Problem to solve: After locating the line that holds "a young boy", repeat it and each following line exactly until the material ends, skipping pictures.

Extracted material:
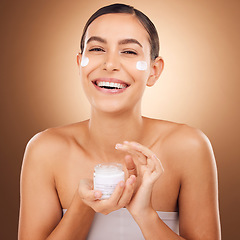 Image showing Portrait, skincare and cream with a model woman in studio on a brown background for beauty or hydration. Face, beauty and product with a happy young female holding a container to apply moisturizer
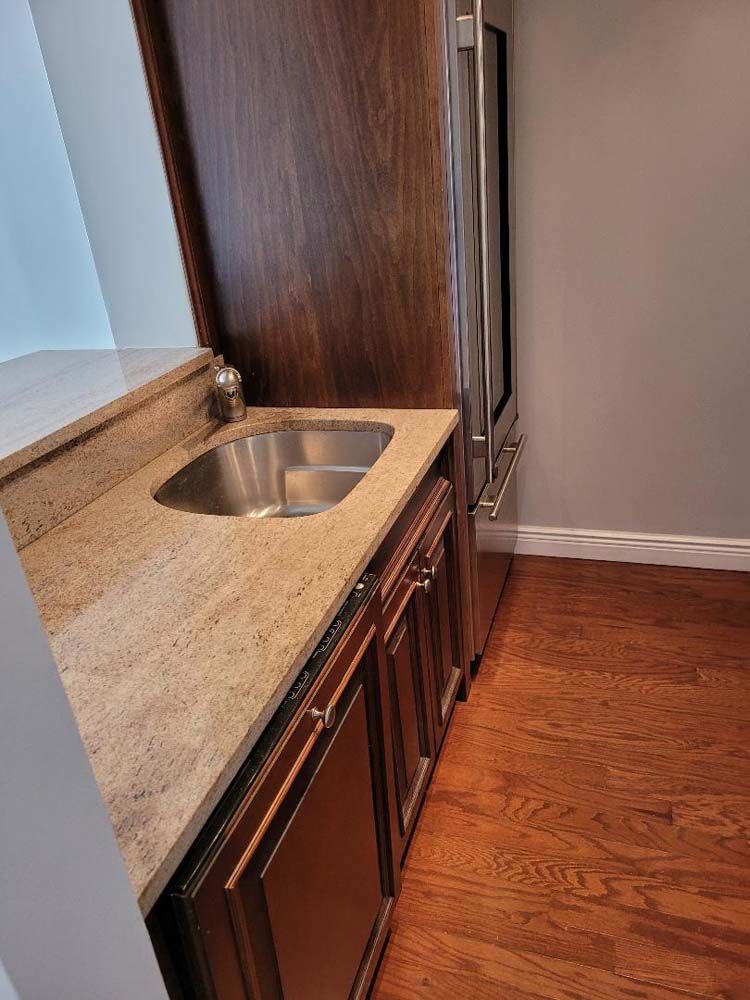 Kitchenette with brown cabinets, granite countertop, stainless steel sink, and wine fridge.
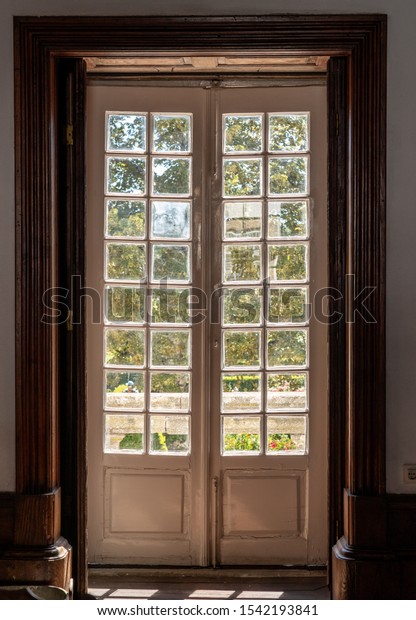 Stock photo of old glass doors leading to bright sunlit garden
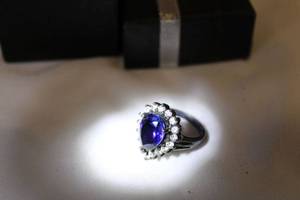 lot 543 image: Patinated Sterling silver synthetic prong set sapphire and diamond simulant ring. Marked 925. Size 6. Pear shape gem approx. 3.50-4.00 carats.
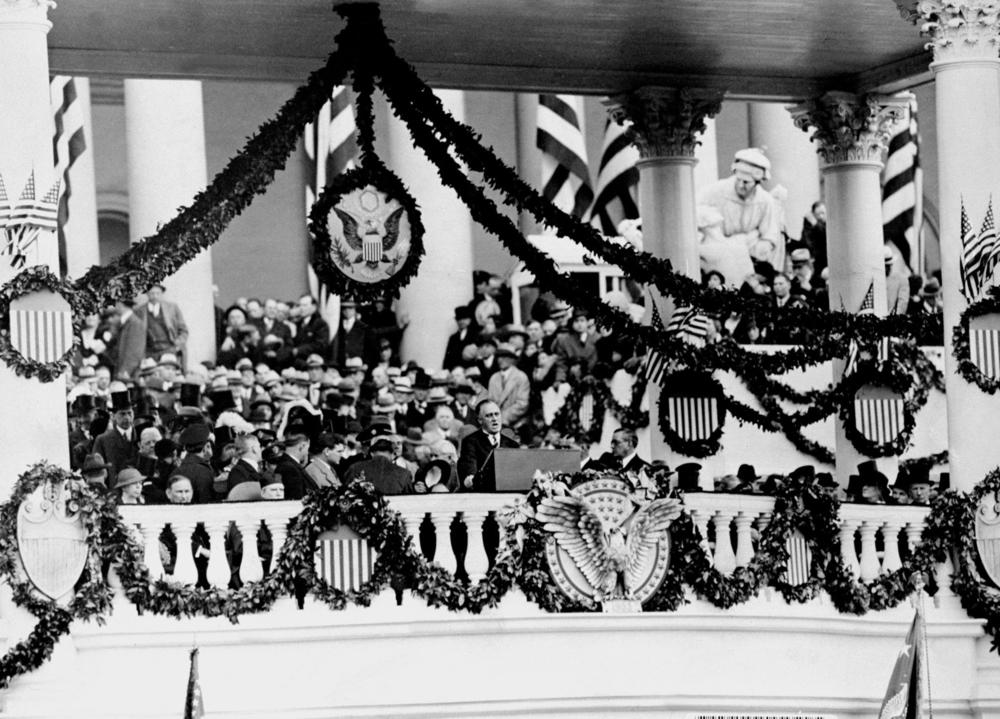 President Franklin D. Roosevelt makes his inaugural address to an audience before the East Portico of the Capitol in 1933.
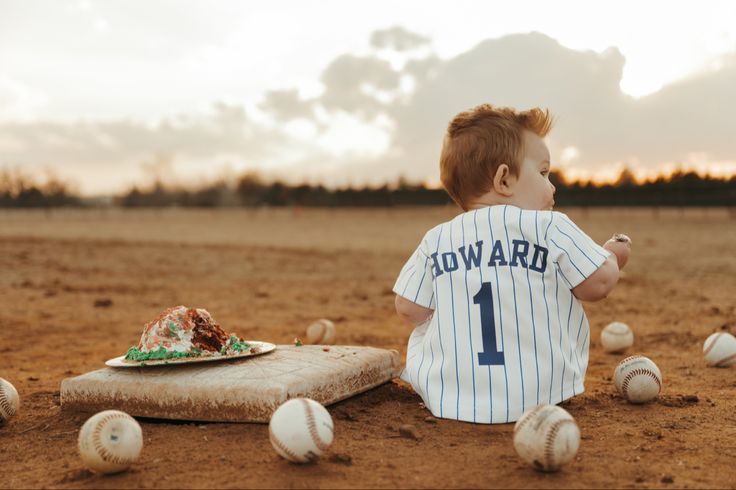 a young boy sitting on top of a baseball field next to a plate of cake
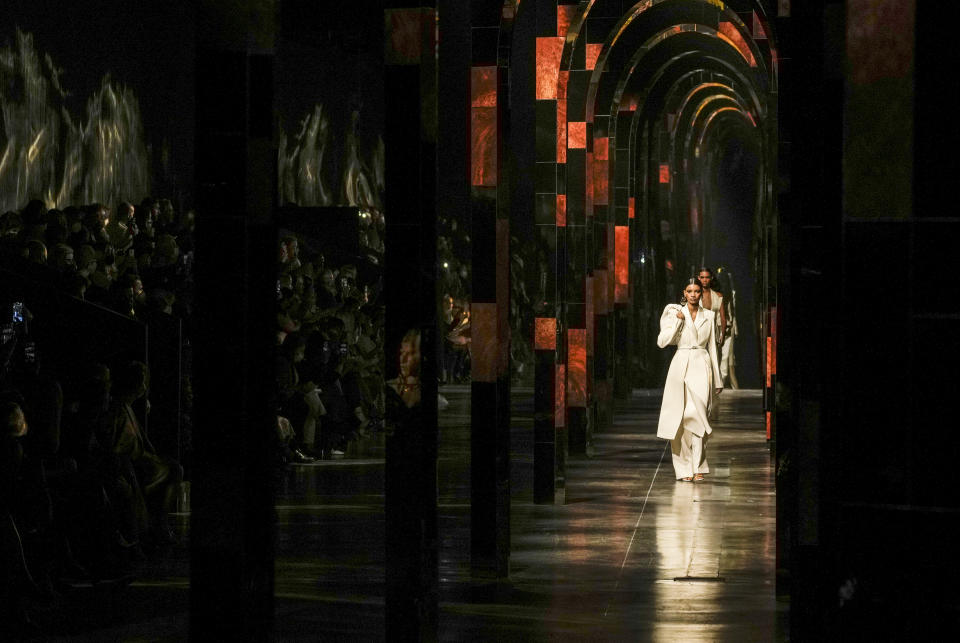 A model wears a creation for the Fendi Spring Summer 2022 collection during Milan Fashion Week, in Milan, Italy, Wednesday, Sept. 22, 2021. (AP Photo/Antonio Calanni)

Worked solution:
 a young boy sitting on top of a baseball field next to a plate of cake
 A model wears a creation for the Fendi Spring Summer 2022 collection during Milan Fashion Week, in Milan, Italy, Wednesday, Sept. 22, 2021. (AP Photo/Antonio Calanni)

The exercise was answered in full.